Data records:
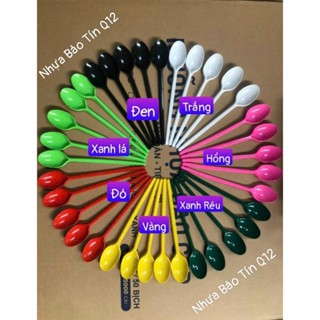 Sỉ Thùng (2400c -2500c) muỗng nhựa trà sữa dài 20cm chọn màu , thìa nhựa 20cm, hàng cao cấp, Được Mix Màu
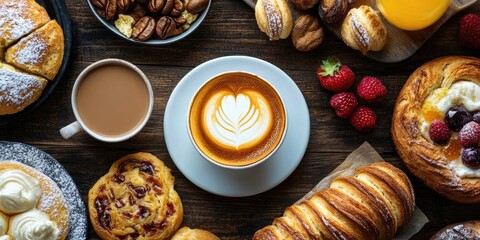 Delicious breakfast spread with coffee cup in center surrounded by pastries nuts and berries on rustic wooden table in warm tones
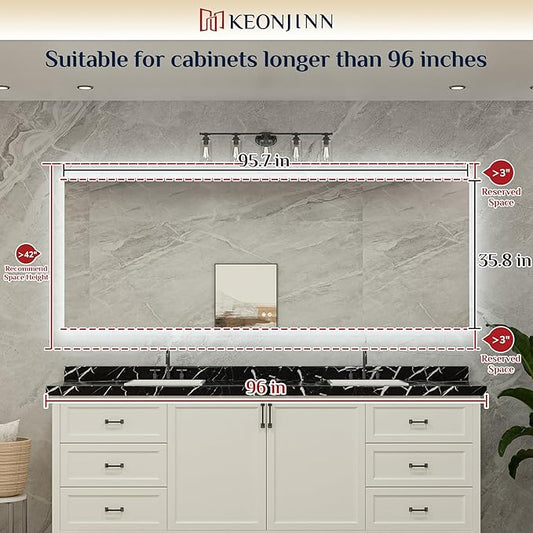 Keonjinn LED Backlit Mirror 96β x 36β Oversized Lighted Bathroom Mirror with UL Listed LED Driver, Large Stepless Dimmable Wall Mirror, Tempered Glass, CRI90+ Anti Fog Vanity Mirror with Backlights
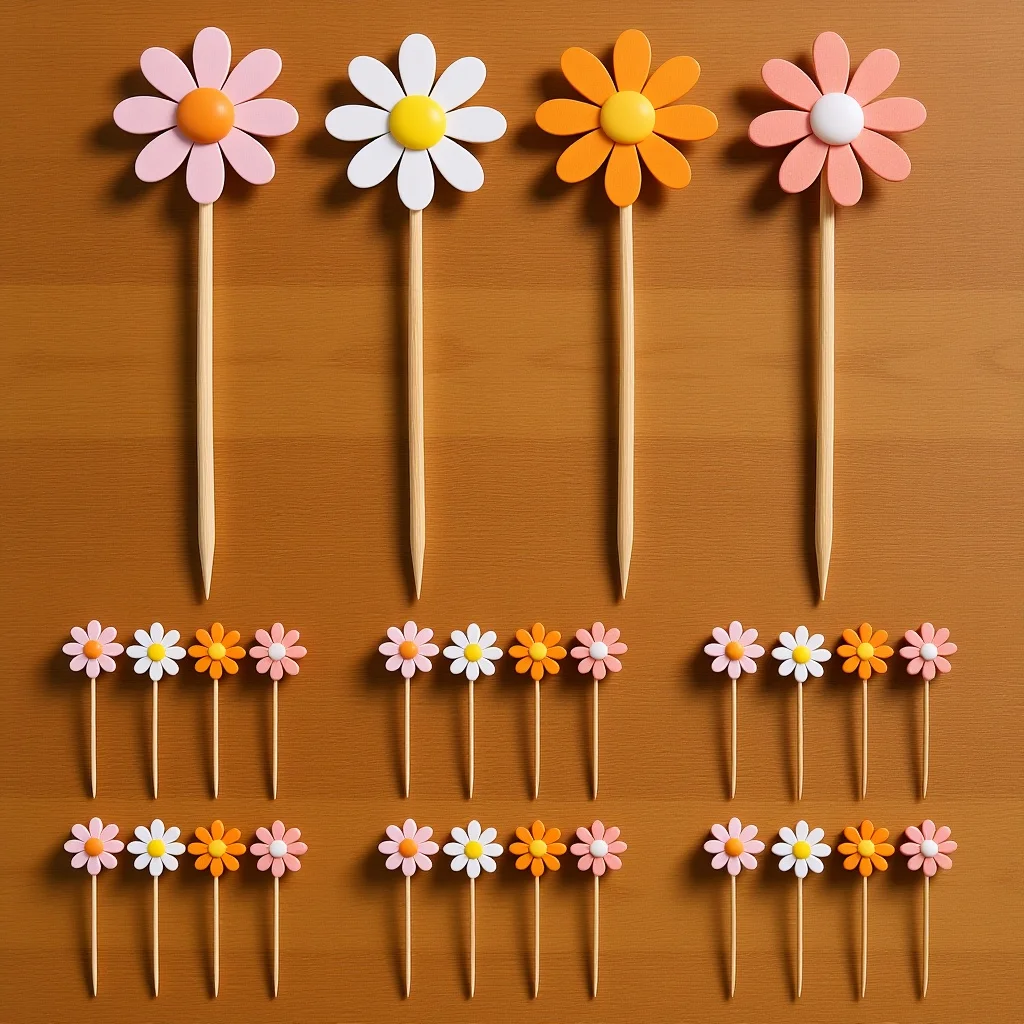 

40Pcs Fake Flowers for Cake Decoration Cupcake Toppers Flower Toothpicks for Party Food Display Spring Floral Dessert Inserts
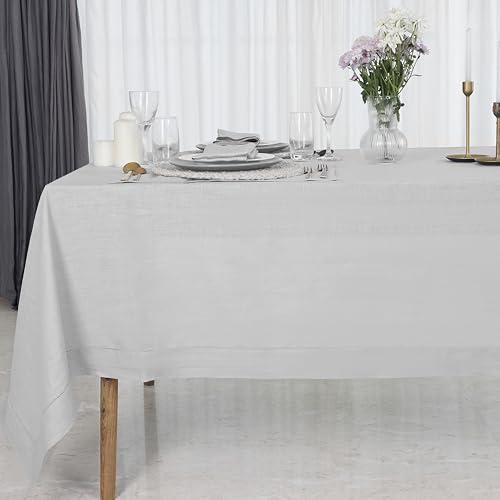 D'Moksha Homes Linen Tablecloth 60 x 144 Inch - 100% Pure Linen Classic Hemstitch Light Natural Tablecloth - Machine Washable Dining Tablecloth for Rectangle Tables for Easter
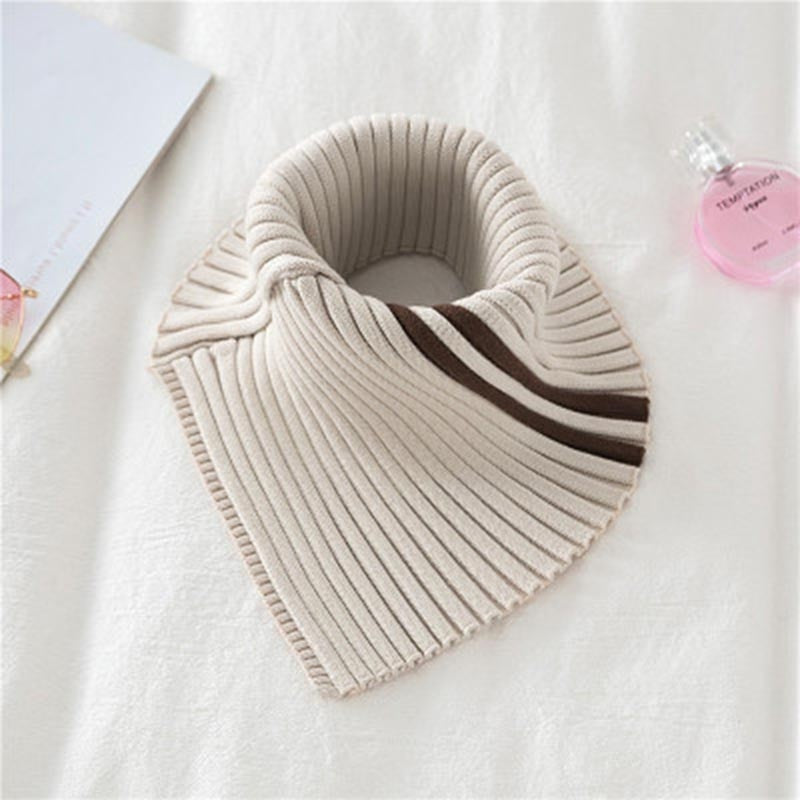 Autumn Winter Women&#39;s Scarf Wild Warm Protect Cervical Spine Stretch Knitted Fake Collar Wool High Neck Pullover Bib Female U18 - Executive-Skincare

What needs to be done: Your answer must consist of the entries, unchanged, with no pictures in it.

Output:
 Sỉ Thùng (2400c -2500c) muỗng nhựa trà sữa dài 20cm chọn màu , thìa nhựa 20cm, hàng cao cấp, Được Mix Màu
 Delicious breakfast spread with coffee cup in center surrounded by pastries nuts and berries on rustic wooden table in warm tones
 Keonjinn LED Backlit Mirror 96β x 36β Oversized Lighted Bathroom Mirror with UL Listed LED Driver, Large Stepless Dimmable Wall Mirror, Tempered Glass, CRI90+ Anti Fog Vanity Mirror with Backlights

40Pcs Fake Flowers for Cake Decoration Cupcake Toppers Flower Toothpicks for Party Food Display Spring Floral Dessert Inserts
 D'Moksha Homes Linen Tablecloth 60 x 144 Inch - 100% Pure Linen Classic Hemstitch Light Natural Tablecloth - Machine Washable Dining Tablecloth for Rectangle Tables for Easter
 Autumn Winter Women&#39;s Scarf Wild Warm Protect Cervical Spine Stretch Knitted Fake Collar Wool High Neck Pullover Bib Female U18 - Executive-Skincare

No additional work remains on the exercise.